BEGIN

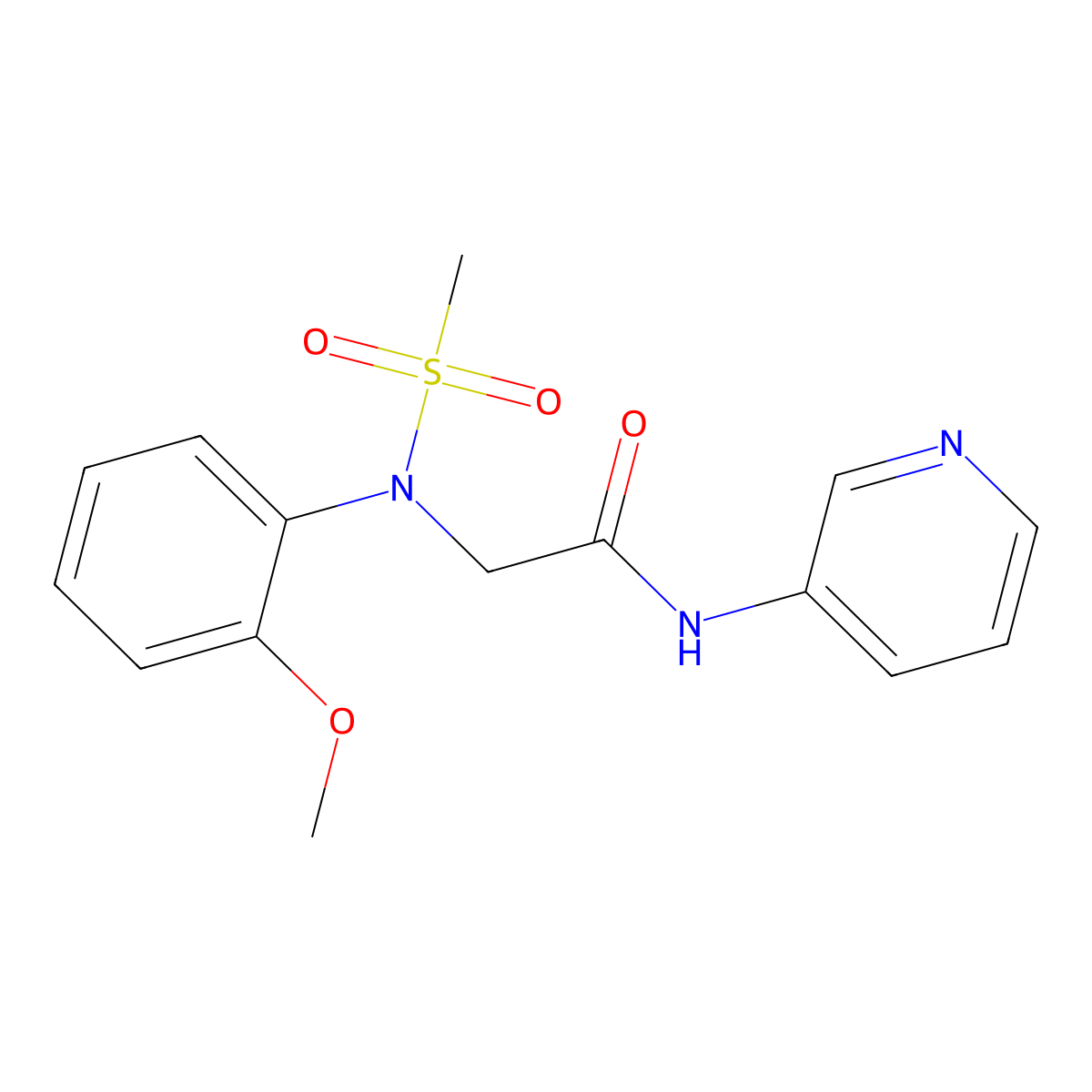 2-(2-methoxy-N-methylsulfonylanilino)-N-pyridin-3-ylacetamide molecular structure, CAS 432015-60-6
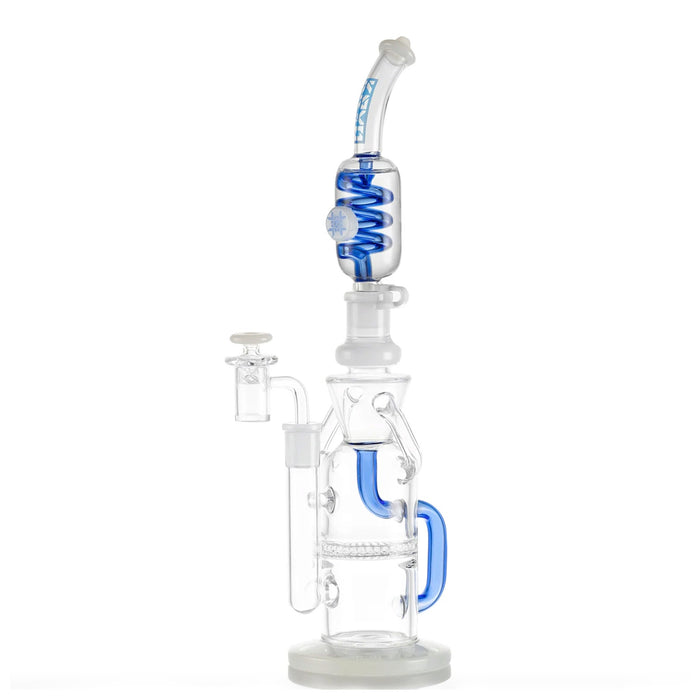 Glass water pipe with blue accents on a white background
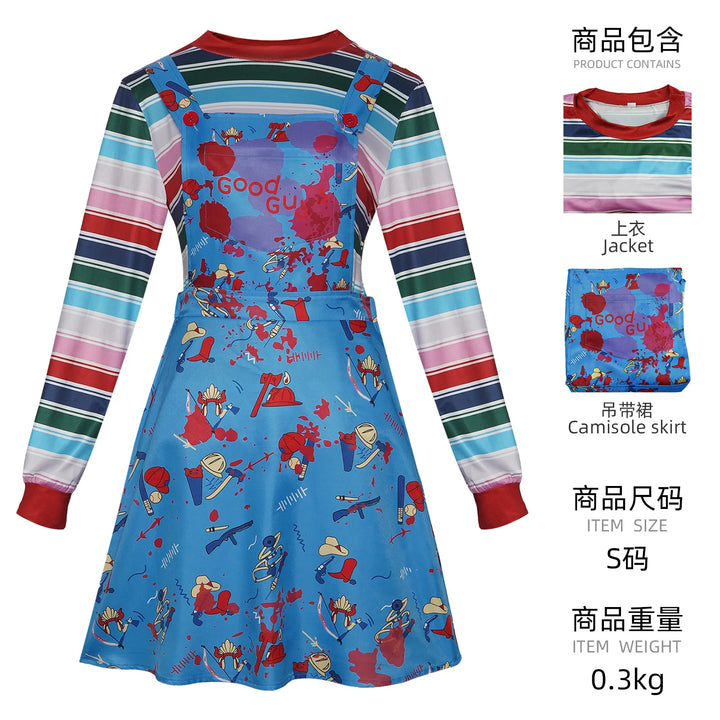 Halloween Baby Ghost Dress Horrible Bloody Dress Movie Cospaly Costume Day of The Dead Two-Piece Set Women Carnival Wear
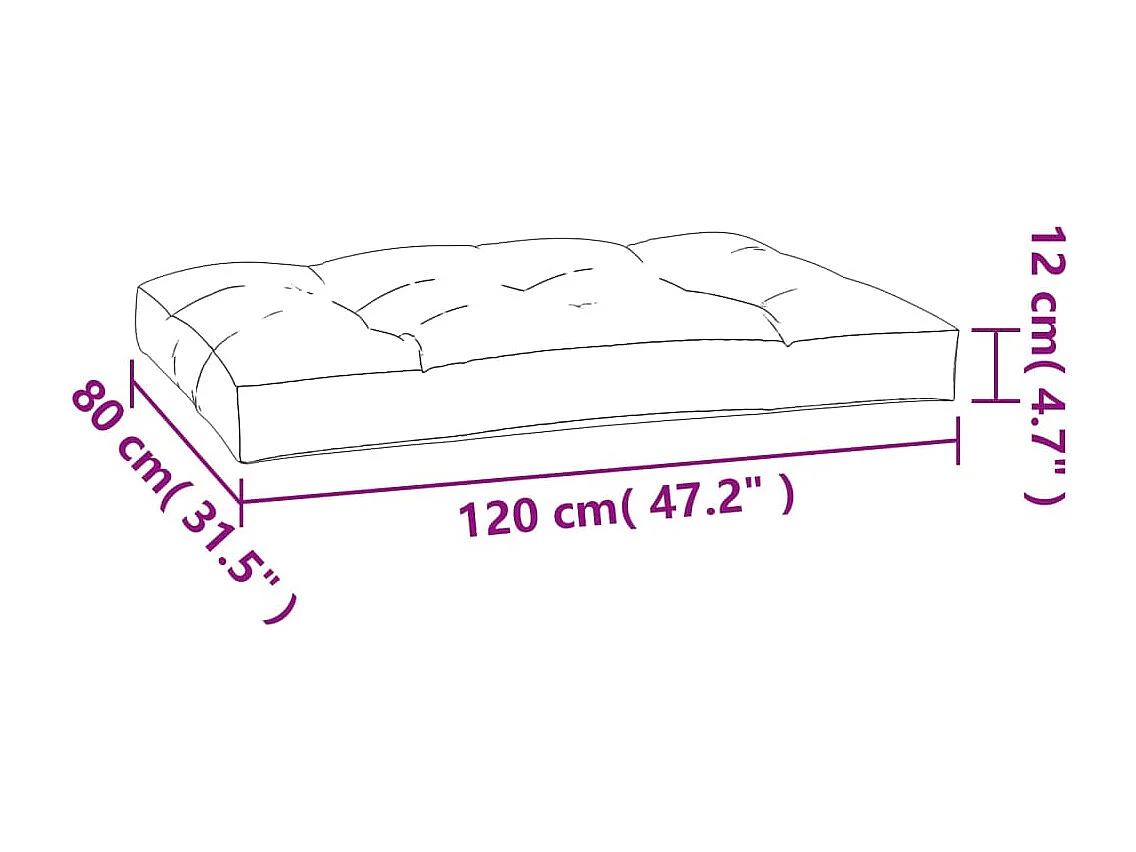 Coussin de palette vert vif 120x80x12 cm tissu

END

• Exercise directions:
A word-for-word copy of the data, without its pictures, is what is needed.

• Answer space:
 2-(2-methoxy-N-methylsulfonylanilino)-N-pyridin-3-ylacetamide molecular structure, CAS 432015-60-6
 Glass water pipe with blue accents on a white background
 Halloween Baby Ghost Dress Horrible Bloody Dress Movie Cospaly Costume Day of The Dead Two-Piece Set Women Carnival Wear
 Coussin de palette vert vif 120x80x12 cm tissu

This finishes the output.